Top of Available data

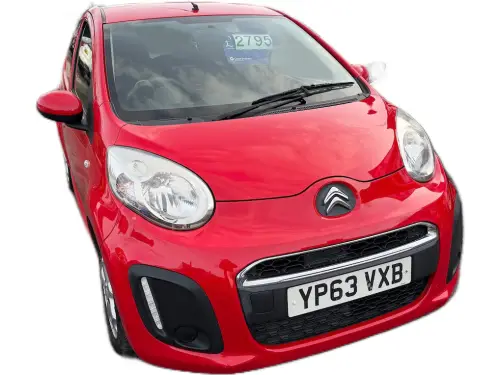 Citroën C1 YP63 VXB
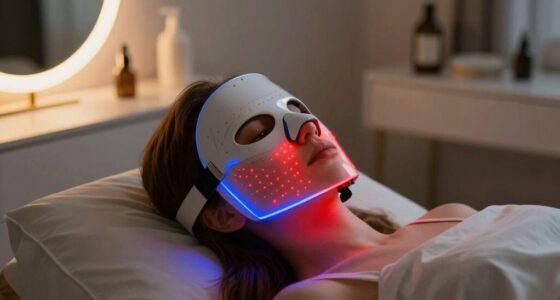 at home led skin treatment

Bottom of Available data
Top of Available data

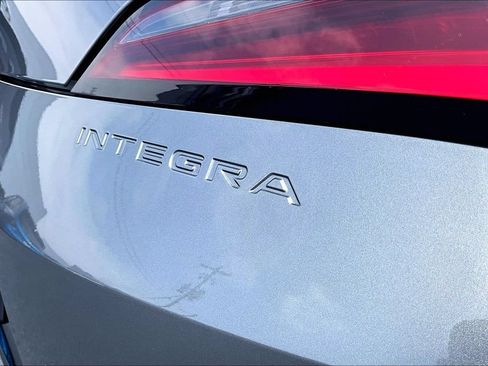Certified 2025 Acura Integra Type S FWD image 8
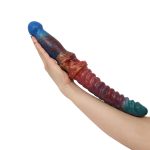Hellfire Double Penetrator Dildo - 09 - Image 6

Bottom of Available data

Activity
Pictures do not belong in the answer. Return the lines above starting at the one with "Certified 2025 Acura" and ending at the one with "Hellfire Double Penetrator", both kept, exactly.

Task answer
Certified 2025 Acura Integra Type S FWD image 8
Hellfire Double Penetrator Dildo - 09 - Image 6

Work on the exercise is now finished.